> Activity
Nothing in the copy should be a picture; everything else in the listing is to be restated exactly.

> Data section
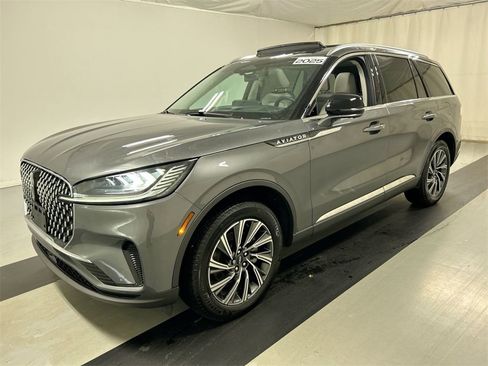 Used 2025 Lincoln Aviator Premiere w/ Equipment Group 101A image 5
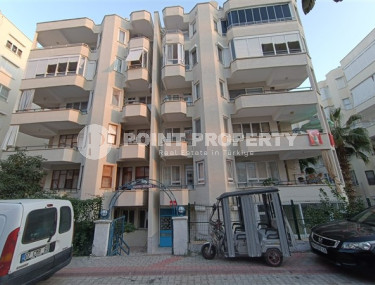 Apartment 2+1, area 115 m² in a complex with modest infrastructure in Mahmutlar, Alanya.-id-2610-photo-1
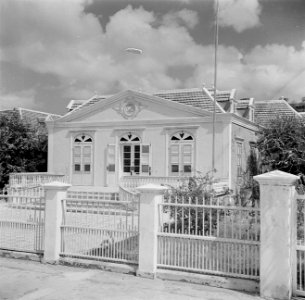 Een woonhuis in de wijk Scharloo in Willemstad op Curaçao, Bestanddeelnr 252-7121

> The answer
 Used 2025 Lincoln Aviator Premiere w/ Equipment Group 101A image 5
 Apartment 2+1, area 115 m² in a complex with modest infrastructure in Mahmutlar, Alanya.-id-2610-photo-1
 Een woonhuis in de wijk Scharloo in Willemstad op Curaçao, Bestanddeelnr 252-7121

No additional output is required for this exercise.